Also, one of the possibilities discussed by the team is to support one DBMS (SQL Server, for example) in the first iteration and then add support for other DBMSs in successive iterations. I think that since we will need a database design with the least common features, this development strategy is bad, since we need to know all the features of all databases before we start writing code for the first DBMS. I need to hear from you about this possibility, too.
Have you looked at Comparison of different SQL implementations ?
This is an interesting comparison, I believe it is reasonably current.
Designing a good relational data model for your application should be database agnostic, for the simple reason that all RDBMSs are designed to support the features of relational data models.
On the other hand, implementation of the model is normally influenced by the personal preferences of the people specifying the implementation. Everybody has their own slant on doing things, for instance you mention autoincremented identity in a comment above. These personal preferences for implementation are the hurdles that can limit portability.
Reading between the lines, the requirement for database independence has been handed down from above, with the instruction to make it so. It also seems likely that the application is intended for sale rather than in-house use. In context, the database preference of potential clients is unkown at this stage.
Given such requirements, then the practical questions include:
who will champion each specific database for design and development ? This is important, inasmuch as the personal preferences for implementation of each of these people need to be reconciled to achieve a database-neutral solution. If a specific database has no champion, chances are that implementing the application on this database will be poorly done, if at all.
who has the depth of database experience to act as moderator for the champions ? This person will have to make some hard decisions at times, but horsetrading is part of the fun.
will the programming team be productive without all of their personal favourite features ? Stored procedures, triggers etc. are the least transportable features between RDBMs.
The specification of the application itself will also need to include a clear distinction between database-agnostic and database specific design elements/chapters/modules/whatever.

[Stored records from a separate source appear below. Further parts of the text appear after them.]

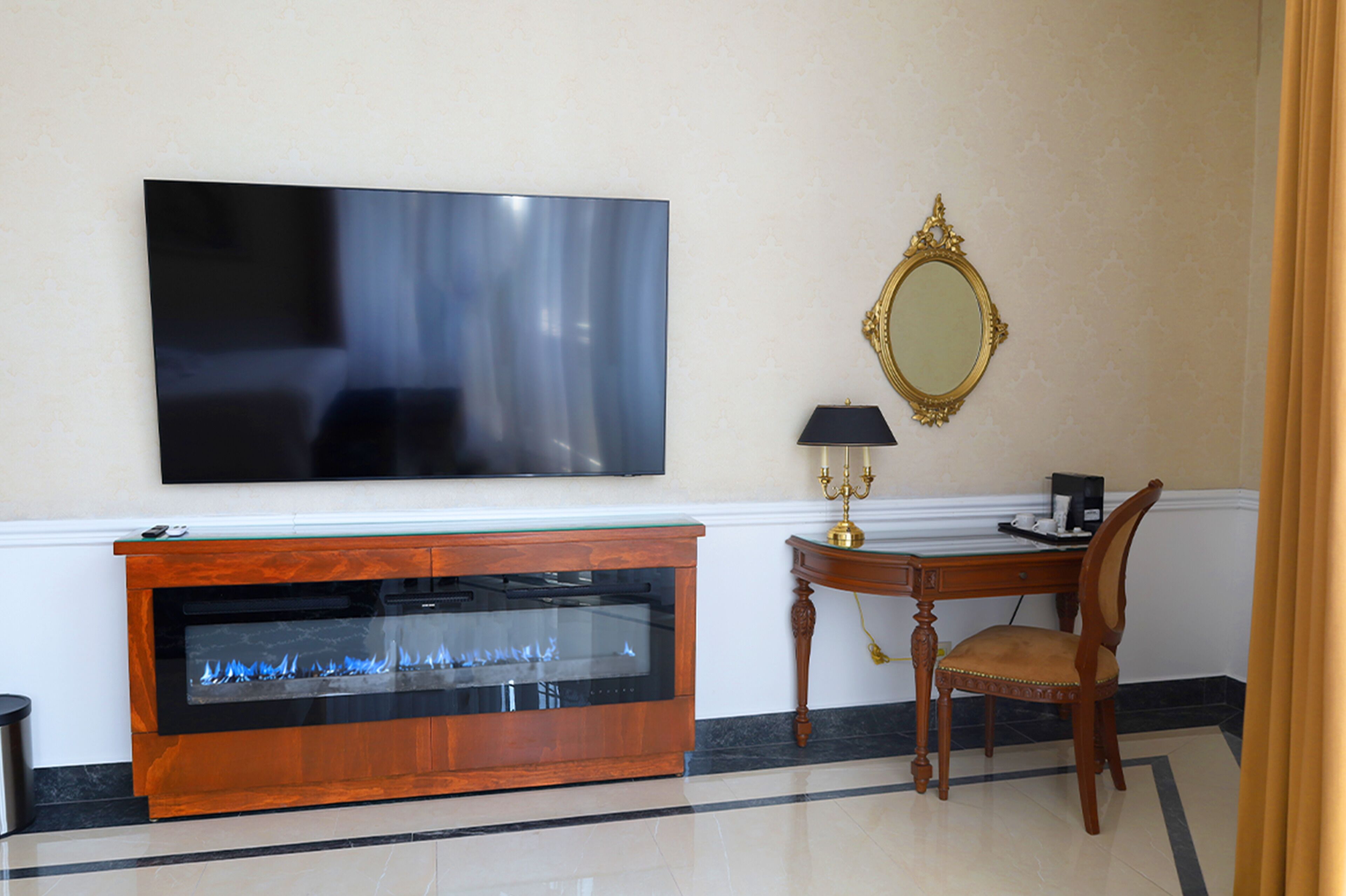A modern living room with a flat-screen TV, a glass fireplace, a wooden sideboard, a table with a lamp, and a mirror on the wall.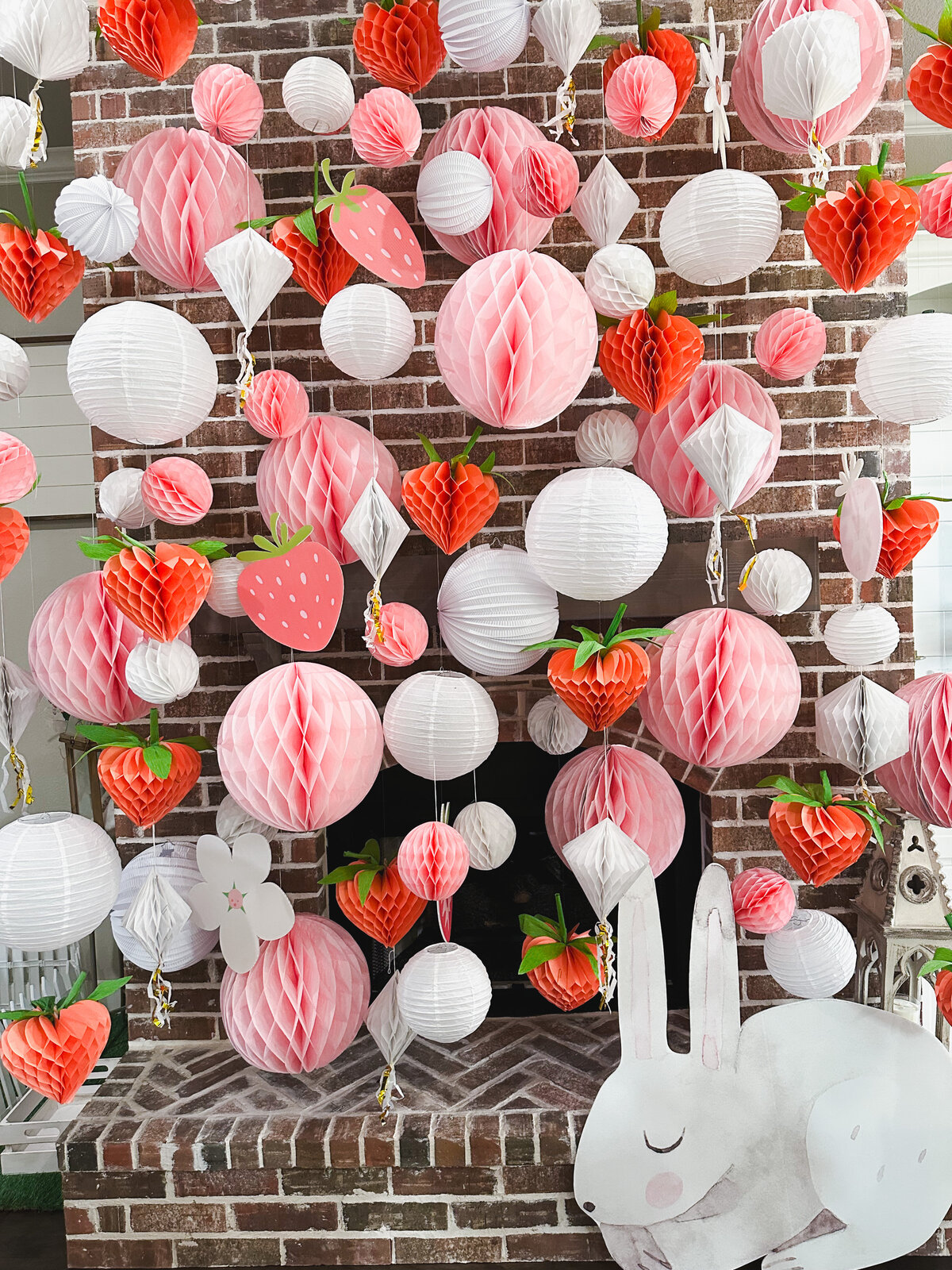 Pink and white honecomb wall with pink and white tissues and large bunny cutout.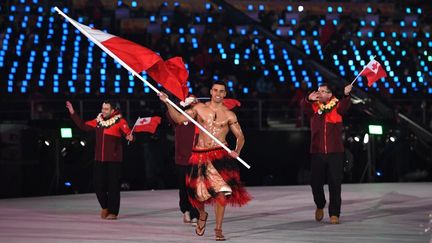 Pita Taufatofua lors de la cérémonie d’ouverture des Jeux olympiques d’hiver à Pyeongchang, le 9 février 2018. (KIRILL KUDRYAVTSEV / AFP)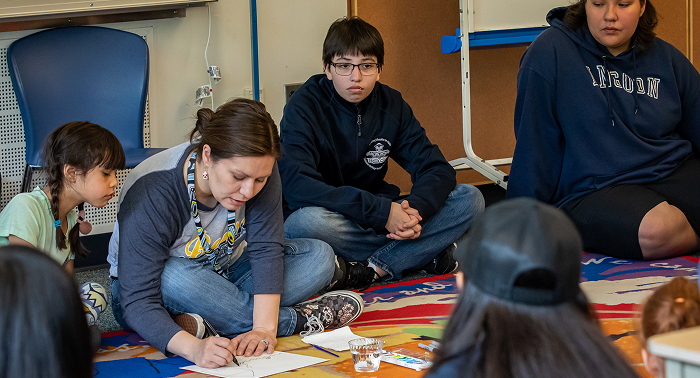 An educator writes on paper with students seated in a classroom circle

Amongst other things, this allows implementation with one DBMS first, with a defined effort required to implement for each subsequent DBMS.
Database-agnostic parts should include all of the DML, or ORM if you use one.
Database-specific parts should be more-or-less limited to installation and drivers.
Believe it or not, vanilla-flavoured sql is still a very powerful programming language, and personally I find it unlikely that you cannot create a performant application without database-specific features, if you wish to.
In summary, designing database-agnostic applications is an extension of a simple precept:
Encapsulate what varies
I work with Hibernate which gives me the benefits of the ORM plus the database independence. Database specific features are out of the question and this usually improves my design. Everything (domain model, business logic and data access methods) are testable so development is not painful.
مرحبا , Muhammed!
Database independence is neither "good" nor "bad". It is a design decision; it is a trade-off.
Let's talk about the choices:
It would result in a hard to maintain code
This is the choice of your programmers. If you make your code database-independent, then you should use a layer between your code and the database. The best kind of layer is one that someone else has written.
...Database design with the least common features in all supported DBMSs
This is, by definition, true. Luckily, the common features in all supported databases are fairly broad; they should all implement the SQL-99 standard.
...bad performance and bad scalability
This should not be true. The layer should add minimal cost to the database.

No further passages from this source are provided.